Our statement refers broadly to serotonergic psychedelics increasing neurotrophic factors. Reference 36 (Colaço et al., 2020) examines ayahuasca, which contains the serotonergic psychedelic DMT. We have revised the text to clarify this point.
Summary of Major Revisions
(1) Removed all 5-HT2A receptor antibody-based experiments from Figure 1 and supplementary figures due to inconclusive specificity validation. An Author response image documenting our validation attempts is provided.
(2) Clarified control conditions (vehicle controls at matched time points) in figure legends.
(3) Expanded sample size descriptions in Methods and figure legends.
(4) Re-analyzed ketanserin experiments with consistent cell line inclusion.
(5) Added discussion of translational limitations.
(6) Added new Figure S5 summarizing proposed signaling pathways.

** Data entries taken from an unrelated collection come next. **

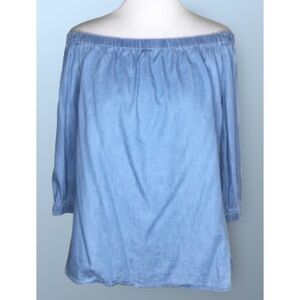 Girl Krazy Blue Off Shoulder Cotton Blend Chambray 3/4 Sleeve Top Small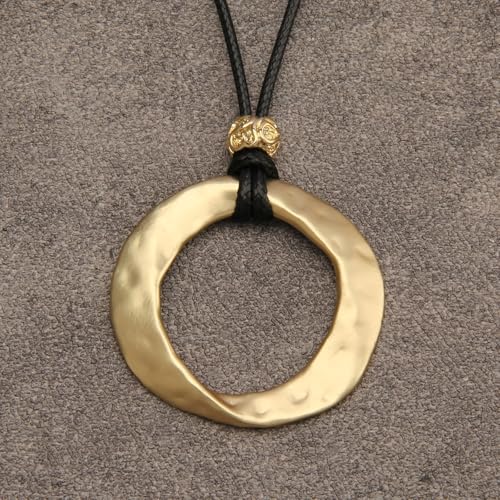 Women's Leather Long Necklace Bohemian Necklace Circle Pendant Necklace Boho Retro Necklaces for Women Woven Handmade Jewelry4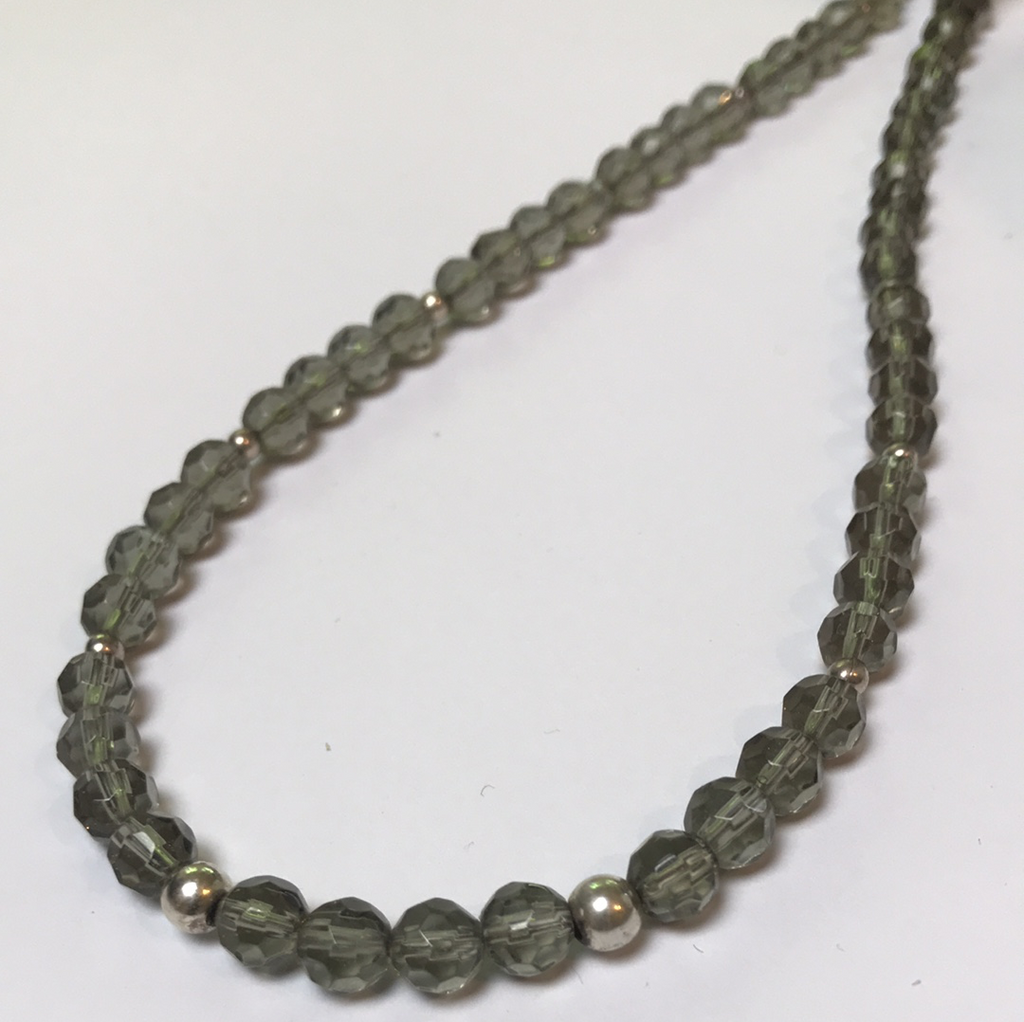 Sterling Silver Necklace quartz smokey & Sterling Silver plain balls - La Trobe Jewellery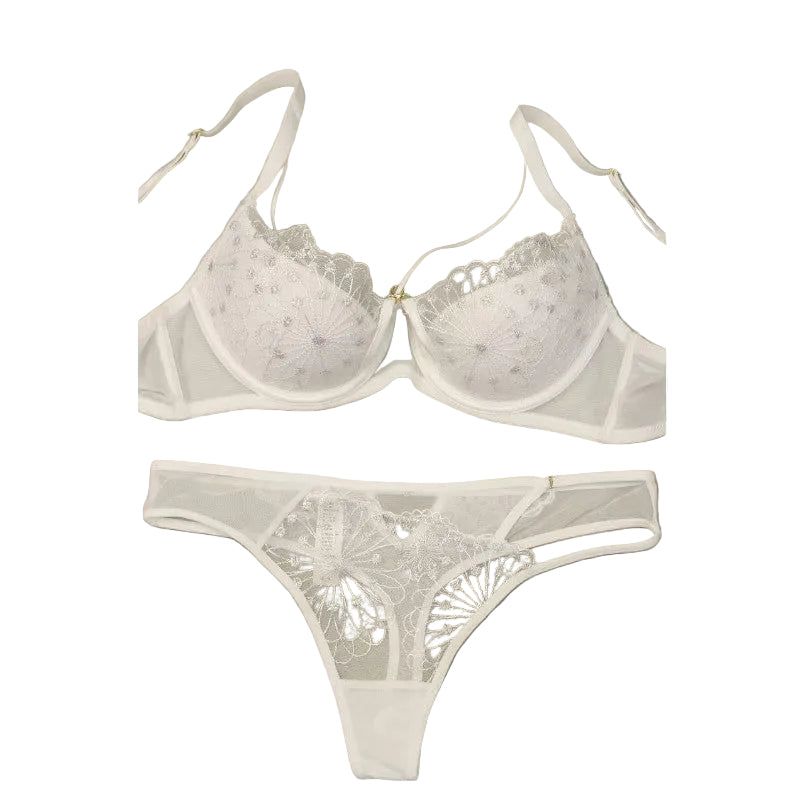 Summer Large Bust Minimizer Thin Bra Set With Side Support Anti-Sagging Soft Underwire Lingerie Push-Up - White - 80B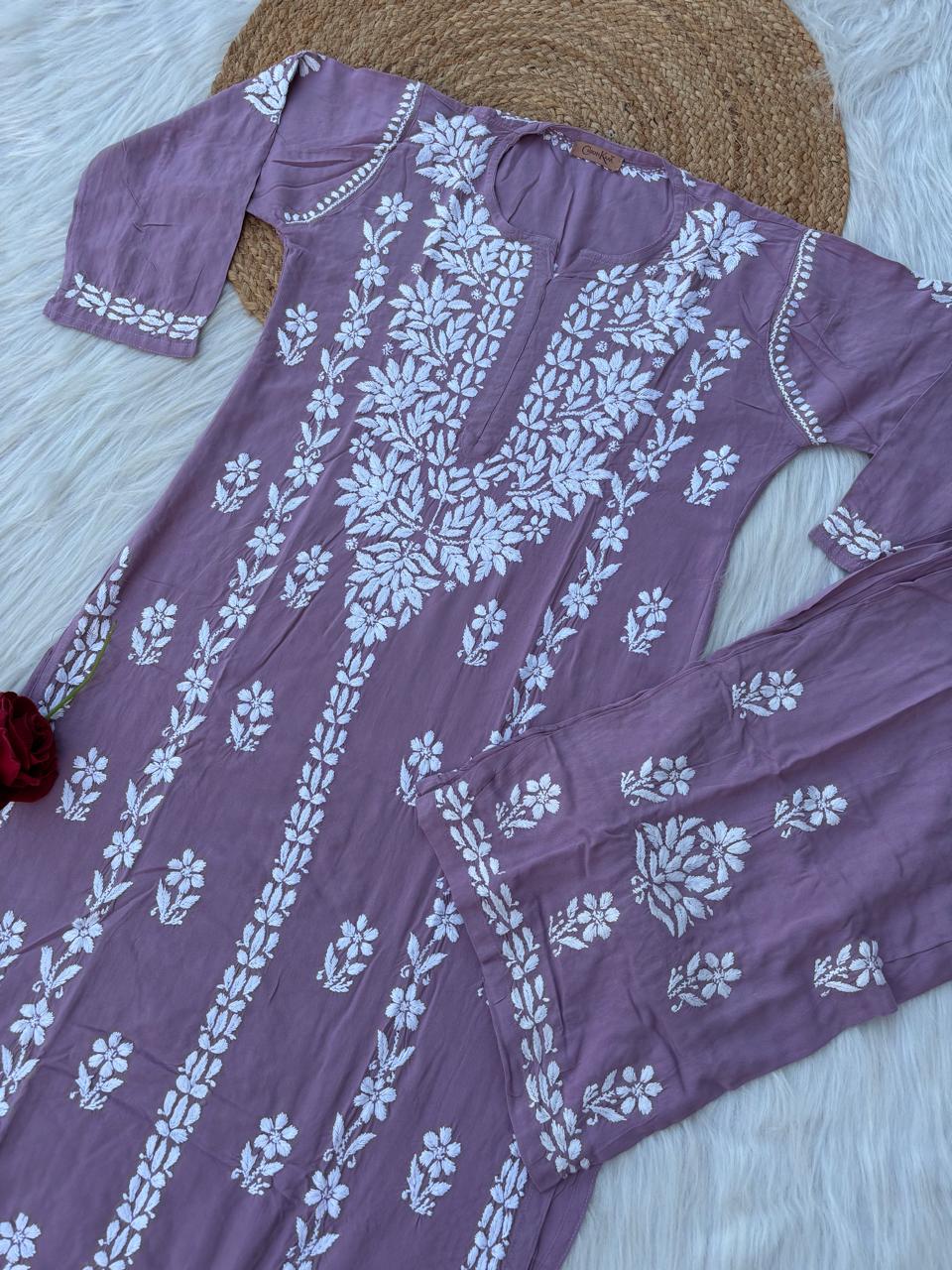 Samara Rayon Handwork Chikankari Kurti Plazo Set - Mauve Colour
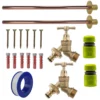 Brass quick connect bib tap basic connection kit x2 – heavy duty outdoor garden tap uk base kit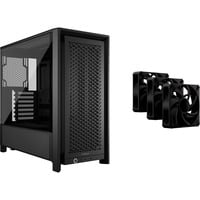Corsair FRAME 4000D + RS120 MAX Thick Triple Pack bundel midi tower behuizing Zwart | 2x USB-A | 1x USB-C | Tempered Glass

(7) Expanded discussion on the relevance of iPSC-derived neurons for drug development.
Author response image 1.
Immunostaining for 5-HT2A receptor across cell types and peptide-blocking control. (a) HEK293 cells display a positive immunofluorescent signal despite not endogenously expressing 5-HT2AR, indicating nonspecific antibody reactivity. (b) HeLa cells also exhibit a positive signal despite lacking endogenous 5-HT2AR expression, further demonstrating nonspecific antibody binding in non-expressing cell types. (c) Neural progenitor cells show clear positive 5-HT2AR staining. (d) iPSC-derived neurons exhibit robust and well-defined 5-HT2AR staining. (e) Application of the Alomone 5-HT2AR blocking peptide (#BLP-SR033) markedly reduces neuronal signal intensity, supporting epitope-specific binding.

Author response image 2.
Western blot analysis of 5-HT2A receptor abundance and peptide-blocking control. (a-b) In line with the immunofluorescence a single band is detected in iPSCs, HEK cells, neural progenitors, iPSC-derived neurons and (b) HeLa cells. (a) Preincubation of the primary antibody with the corresponding blocking peptide abolishes this band across all samples, consistent with specific binding of the antibody to its intended epitope.

Author response image 3.
Lack of detectable 5-HT2AR expression in HEK and HeLa cells. (a) Analysis of a human-only HEK293T single-cell RNA-seq dataset (10x Genomics; https://www.10xgenomics.com/datasets/293-t-cells-1-standard-1-1-0, accessed 2025-11-25) shows no meaningful HTR2A expression, whereas other genes such as GAPDH, TP53, MYC, and ACTB are robustly detected. Consistently, evaluation of a “Barnyard” dataset - an equal mixture of human HEK293T and mouse NIH3T3 cells (10x Genomics; https://www.10xgenomics.com/datasets/20-k-1-1mixture-of-human-hek-293-t-and-mouse-nih-3-t-3-cells-3-ht-v-3-1-3-1-high-6-1-0, accessed 2025-1125) reveals only ~4 of ~10,000 droplets with minimal HTR2A signal, confirming the absence of meaningful expression.(b) (b) qPCR analysis further demonstrates no detectable HTR2A transcripts in iPSCs or HeLa cells (Ct > 36), while neural progenitors and iPSC-derived cortical neurons show expression when normalized to housekeeping genes GAPDH and TBP.